En janvier 2022, Erdoğan a annoncé que l'ancien capitaine Nuri Gökhan Bozkır, suspect dans l'assassinat de l'universitaire et auteur, le professeur associé Necip Hablemitoğlu, avait été ramené d'Ukraine en Turquie, soulignant que cela constituait la preuve de leur détermination à élucider les meurtres non résolus du passé.
Il est facile à dire, mais 22,5 ans plus tard, l'un des assassinats politiques non résolus les plus importants commis sous le gouvernement de l'AKP était en train d'être élucidé !..
Selon l'acte d'accusation préparé, Hablemitoğlu a été tué par un groupe d'officiers du Commandement des forces spéciales (ÖKK), dirigé par le colonel à la retraite Levent Göktaş, à l'instigation du « FETÖ ». Le tireur était Tarkan Mumcuoğlu, qui travaillait à l'époque au sein de l'ÖKK et qui a commencé à travailler pour le MIT après sa retraite.
Lorsque le procès a débuté en février 2023 devant la 28e Cour d'assises d'Ankara, il est apparu que ce qui était écrit dans l'acte d'accusation et ce qui avait été raconté au public n'était pas tout à fait exact.

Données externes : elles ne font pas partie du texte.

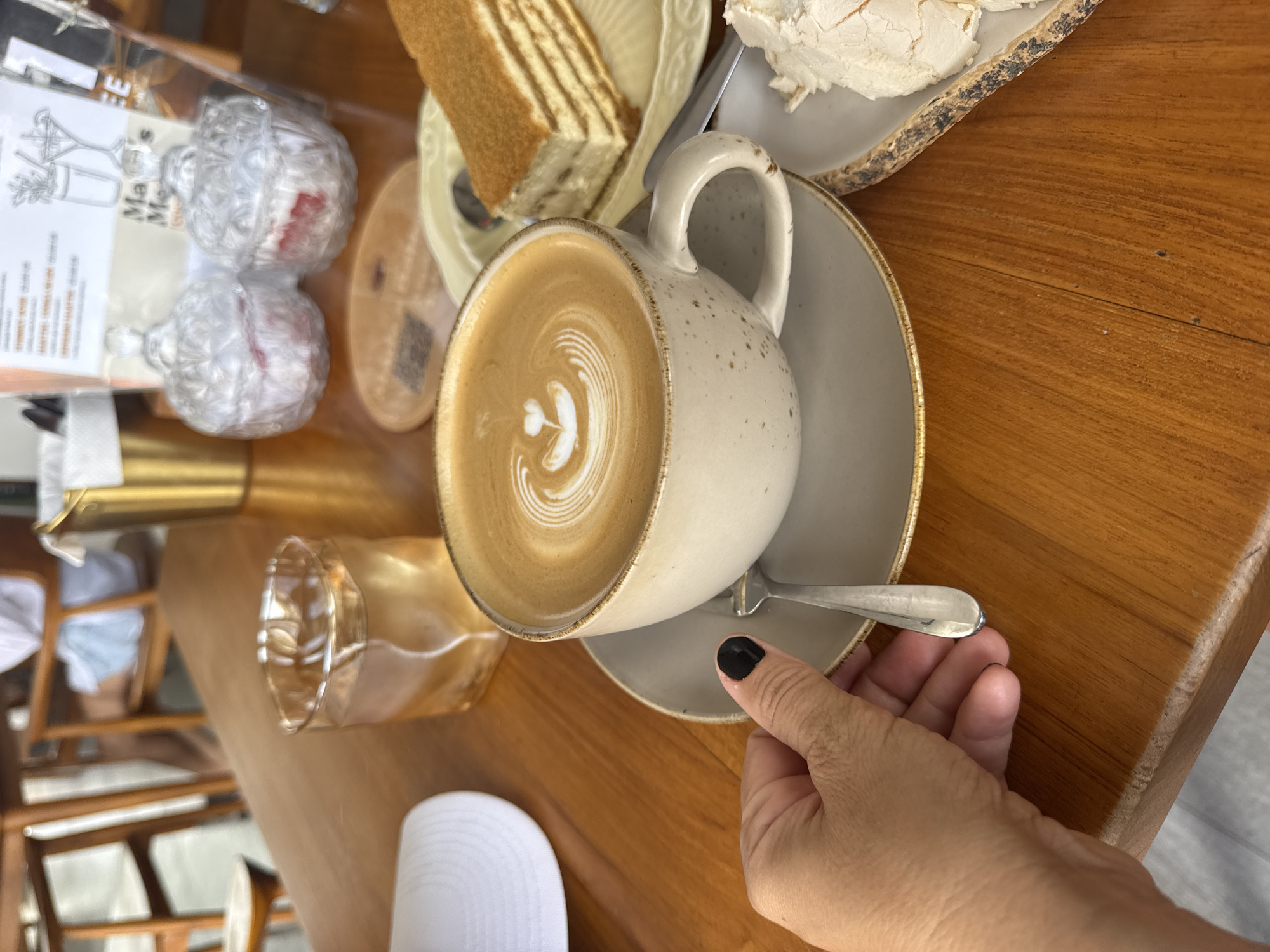 A hand with black painted fingernails is reaching for a spoon resting on a saucer in front of a cup of coffee with latte art. The coffee cup is speckled beige and sits on a gray saucer. To the right of the coffee is a slice of layered cake on a yellow plate, and next to that, a white dessert on a rough-edged plate. A glass of amber liquid sits behind the coffee cup. In the background, two ornate glass jars with metal lids are visible, as well as a gold bucket. The scene is set on a wooden table, likely in a cafe in Kuta Selatan, Indonesia. The focus is on the coffee and the hand, with the background elements slightly blurred.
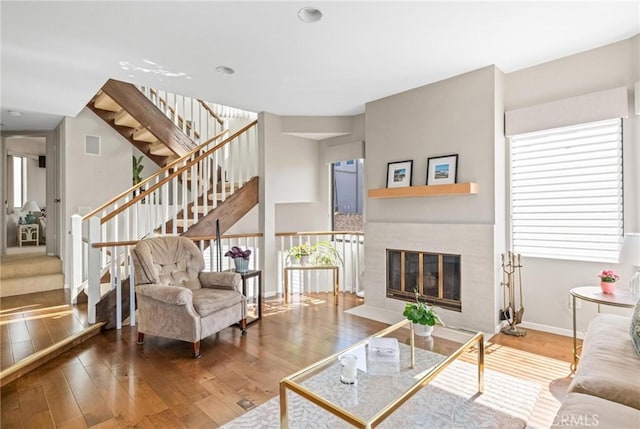 444 30th St, Manhattan Beach, CA 90266 - living area with hardwood / wood-style floors, baseboards, stairway, and a fireplace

Lorsque les avocats de Tarkan Mumcuoğlu, qualifié de « tireur », ont prouvé par des témoins et des documents que Mumcuoğlu était en service au Kazakhstan le jour du meurtre, le tribunal a décidé, trois mois plus tard, de libérer tous les accusés. Il ne s'est pas arrêté là ; il a décidé de déposer une plainte auprès du bureau du procureur général d'Ankara « afin de déterminer qui était l'auteur principal ayant appuyé sur la gâchette, étant entendu que l'accusé Tarkan Mumcuoğlu pourrait ne pas être le tireur, et d'établir ses liens avec les accusés du dossier et d'autres personnes, le cas échéant ».
Avant d'en venir au sort de cette plainte, rappelons ce détail : alors que le procureur du tribunal est monté à la barre lors de la première semaine des audiences, le processus judiciaire a ensuite été mené par le procureur Zafer Ergün, qui a également préparé l'acte d'accusation, une procédure rarement vue dans notre système judiciaire.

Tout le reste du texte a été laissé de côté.